24/I/2021 Gemeinsam Chancen schaffen gegen Kinderarmut

Status:
Erledigt

In einem der wohlhabendsten Länder der Welt, wie Deutschland es ist, gibt es leider noch immer zu viele Menschen, die von Armut betroffen sind oder sich in einer armutsgefährdeten Situation befinden oder drohen, dahinein zu geraten. Die Schere zwischen Armut und Reichtum geht immer weiter auseinander, die Gesellschaft wird dadurch gespalten, der soziale Frieden leidet von Jahr zu Jahr immer mehr darunter und der Zusammenhalt verringert sich zunehmend.
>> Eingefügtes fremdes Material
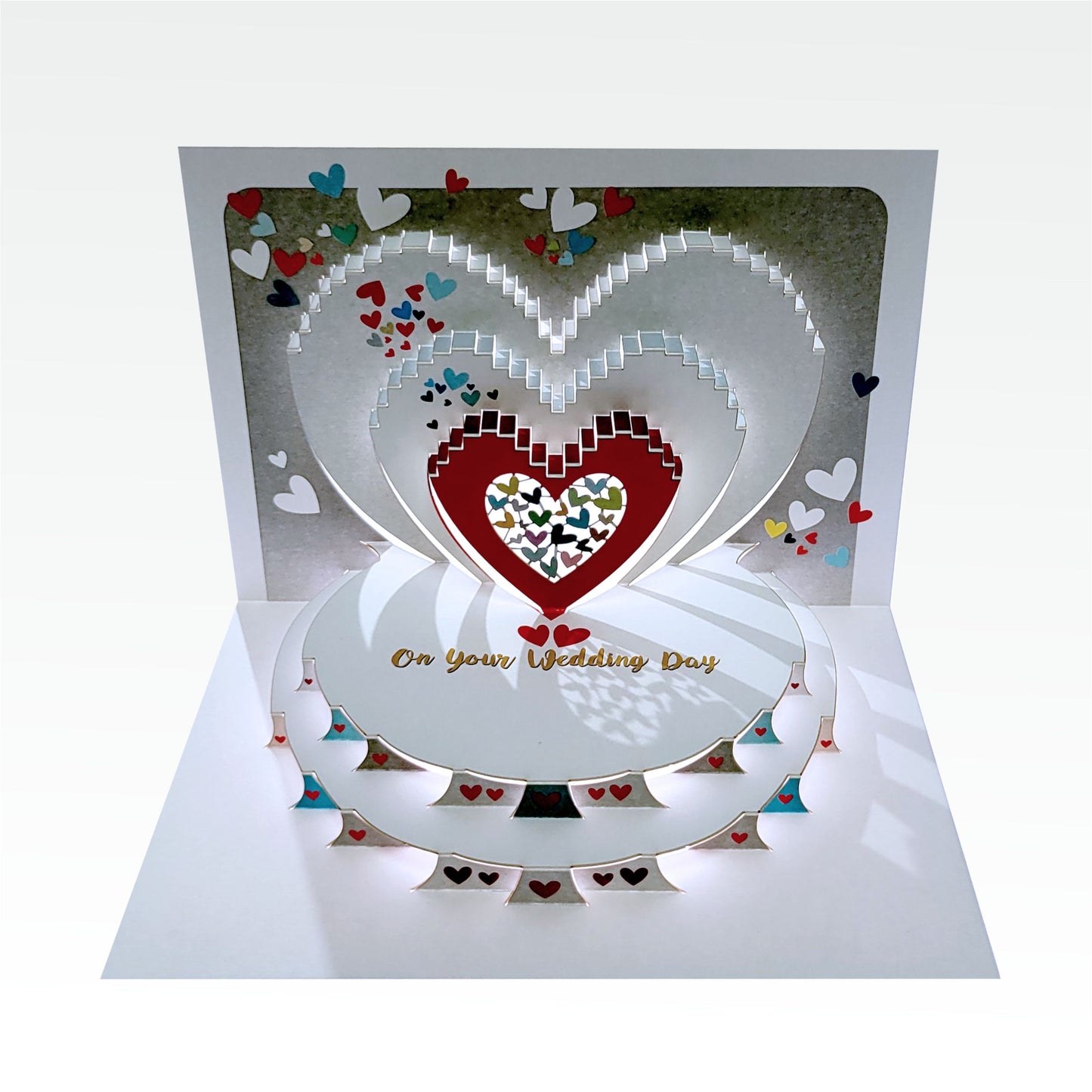 ''On Your Wedding Day'' Red and White Hearts - Wedding Card #POP194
Als sozialdemokratische Partei ist es unsere ureigene Aufgabe, uns um die Menschen zu kümmern, die unter besonders schwierigen Lebensbedingungen in verschiedener Hinsicht leben und für sie da zu sein. Gegen jegliche Art der Benachteiligung und Diskriminierung setzen wir uns ein, wir fordern und fördern den gegenseitigen Respekt und stellen die Menschenwürde an erste Stelle als unsere höchste Maxime, nach der wir in voller Mitmenschlichkeit handeln. Schließlich wünscht sich niemand in Armut zu leben, doch leider gibt es noch immer viele Faktoren, die dazu führen können, in eine solche Situation zu geraten. Jede Form der Armut ist ernst zu nehmen. Es müssen daher für alle Altersgruppen Maßnahmen entwickelt werden, wie man der Armut angemessen begegnen kann.

Die SPD Niedersachsen setzt sich selbst einen besonderen Schwerpunkt auf die Bekämpfung von Kinder-, Jugend- und Familienarmut. Laut dem aktuellen Sozialbericht der Stadt Hannover lebt jede*r vierte Minderjährige*r in einem einkommensarmen häuslichen Umfeld (27,8 Prozent), in Niedersachsen liegt die durchschnittliche Zahl etwas darunter. Bundesweit sind es rund 2 Millionen Kinder, das heißt 25 Prozent. Demzufolge ist mindestens jedes vierte Kind davon betroffen. Besonders trifft dies auf Kinder von Alleinerziehenden, Arbeitslosen, Familien mit mehr als zwei Kindern und auf Familien mit Migrationshintergrund zu. Arme und von Armut bedrohte Kinder erfahren deutliche Nachteile in materieller, kultureller und gesundheitlicher Hinsicht. Sie haben erheblich schlechtere Chancen auf einen guten Bildungsabschluss, gesellschaftliche Teilhabe und eine aussichtsreiche Zukunft. Im Unterschied zu Erwachsenen haben Kinder kaum Möglichkeiten ihre Lage selbst zu verändern. Deswegen wollen wir das Bewusstsein für Kinderarmut und deren Konsequenzen auf allen politischen Ebenen schärfen.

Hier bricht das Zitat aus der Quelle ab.